Normally, Top Equity News reserves Monday’s to discuss our technical take on the market. As long as stocks are heading higher, that’s all the maintenance that’s truly needed.
However, when stocks start to slide, that’s when doubts kick in, and investors need to know the lay of the land going forward. While yesterday’s mini-cliff dive is a friendly reminder that risk in 2012 hasn’t taken a full sabbatical, Top Equity expects the sour turn to evaporate quickly.
We looked at the past decade for the S&P to see if any rally died on its first trip down to its 26 or 50 day average; once the S&P U-turned on the initial wave of selling. That happened in July of 2004, and we wouldn’t even call it an ongoing rally. It was more of a charge up after a selloff, short covering perhaps?
Now we know that every significant advance has rebounded fairly quickly.
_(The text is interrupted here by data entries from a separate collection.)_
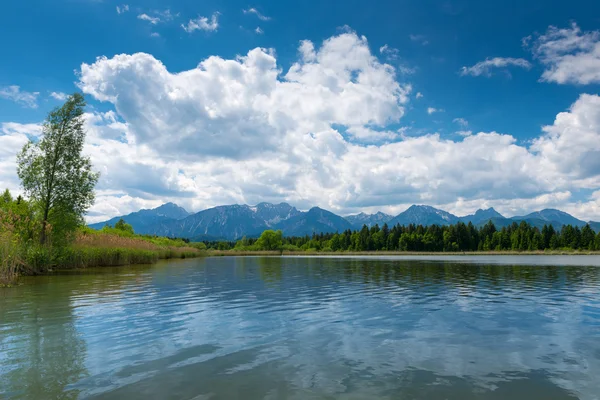 Jezioro hopfen am Zobacz z trzciny i słoneczny błękitne niebo z chmurami — Zdjęcie stockowe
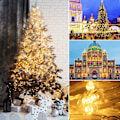 Miniatyrbilde 5 av 5: 50m 1000LEDs Elegear Varme Hvite Utendørs Fe-Lys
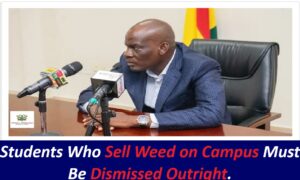 Students Who Sell Weed on Campus Must Be Dismissed Outright.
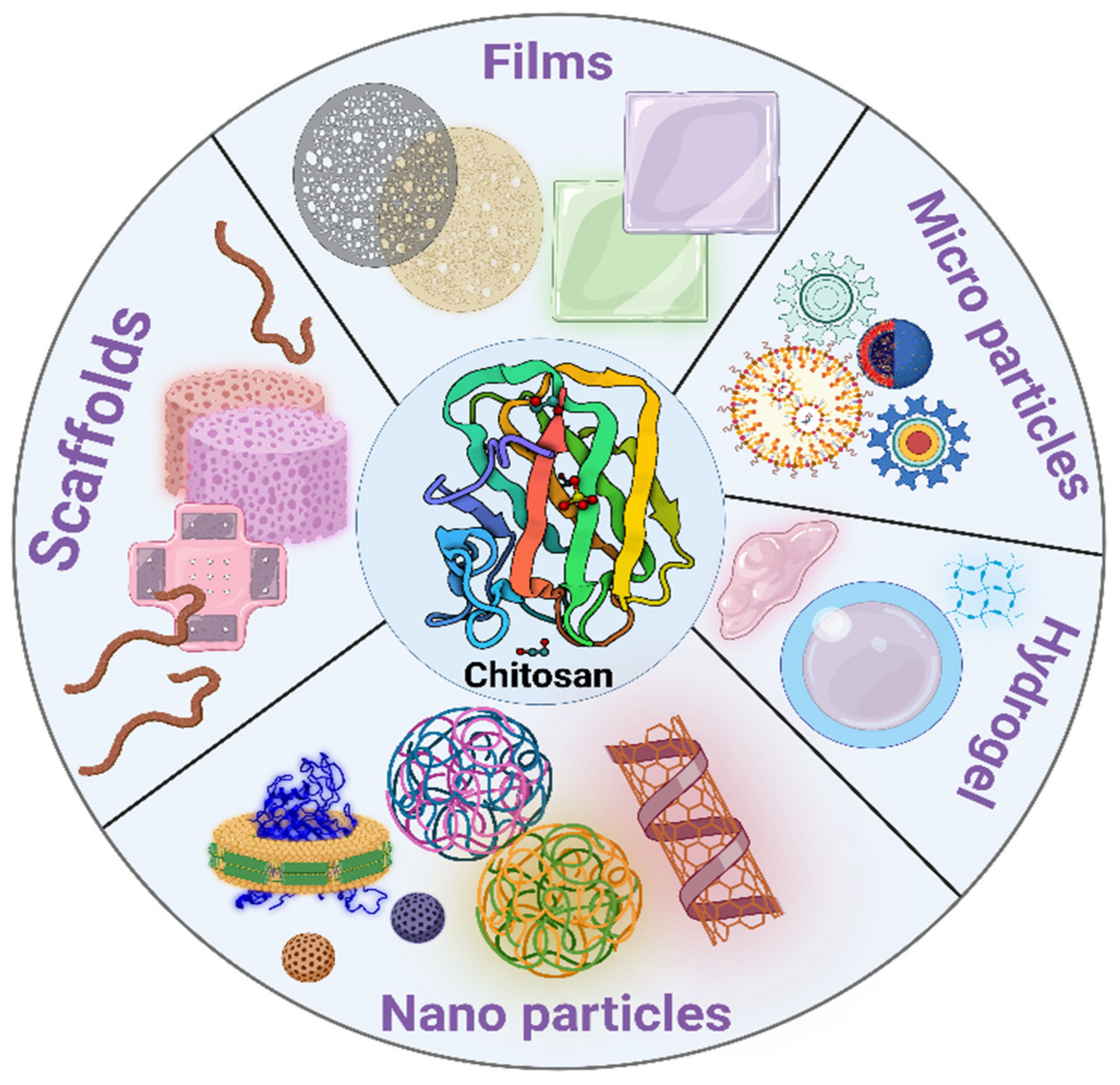 Polymers 14 03192 g004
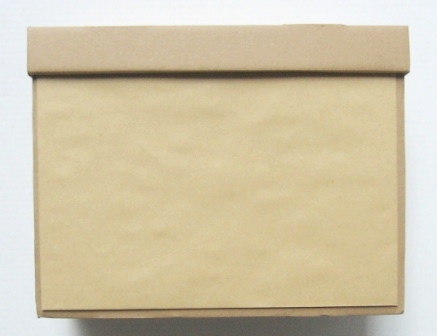 x250 enveloppes sacs 23x31cm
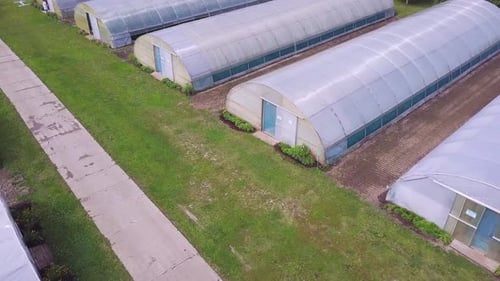 Greenhouses Array in Agricultural Landscape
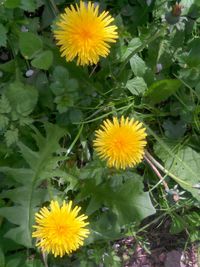 Close-up of sunflowers blooming outdoors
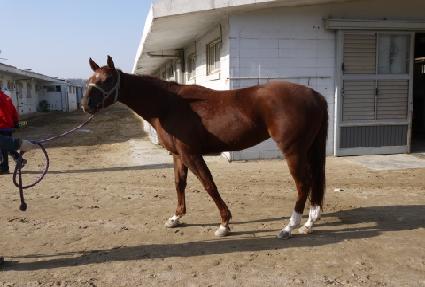 �۽�Ƽ�� ����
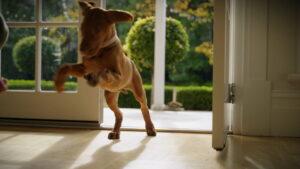 How to stop the evening chaos and zooms with your puppy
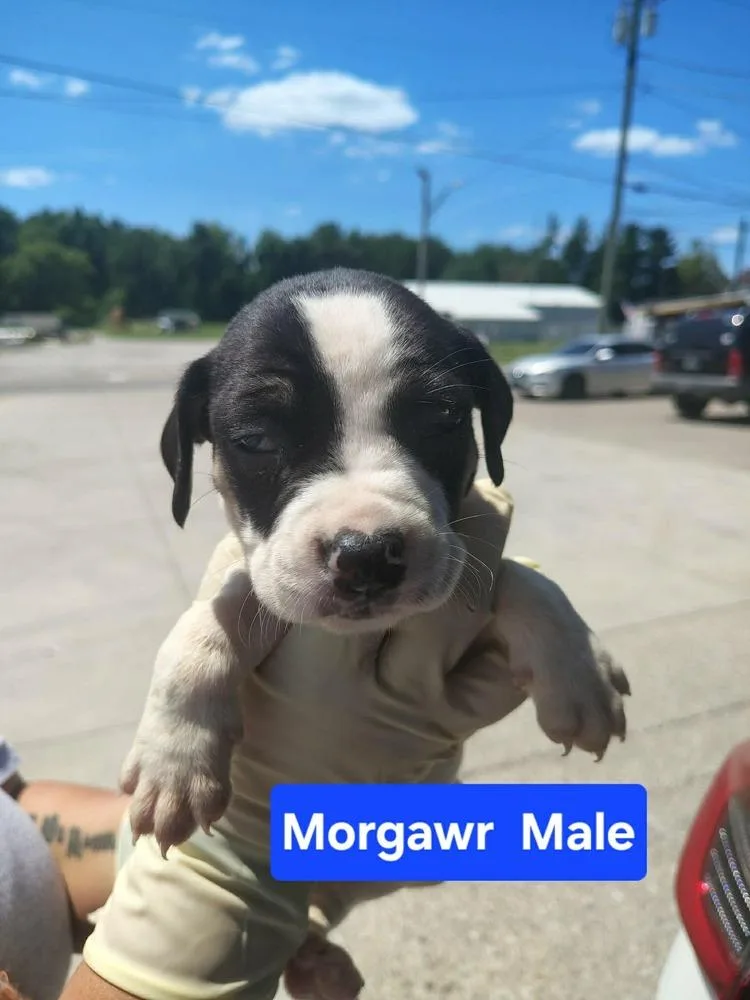 Morgawr thumbnail 2
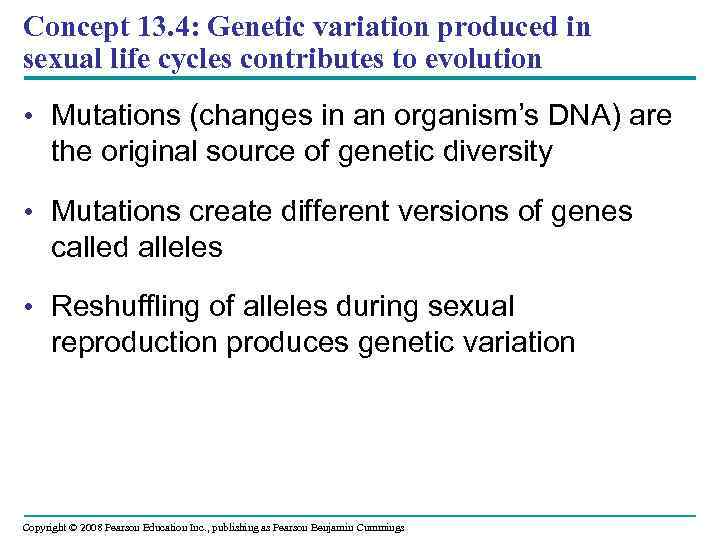 Concept 13. 4: Genetic variation produced in sexual life cycles contributes to evolution •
It’s time to turn our attention to possible entry points for new money. For the three most popular indexes, the Dow, NASDAQ, and S&P closed Tuesday on preliminary support levels. If stocks get off to a strong start today and recover some losses, the index might be as low as they are going to go in the near-term.
If we close red today, then TEN believes the 50-day averages will probably be the firewall. For the Dow, the number is 12,678, the NASDAQ 2819 (that would be painful), and 1,321 for the S&P 500.
Top Equity’s strategy is to see how the indexes respond today. A healthy start and initiating half positions might prove to be rewarding. We would sit on the other half just in case Wall Street throws a head fake and heads to the 50-day average. Close red today and you’ll likely have a chance to buy near the 50 day line.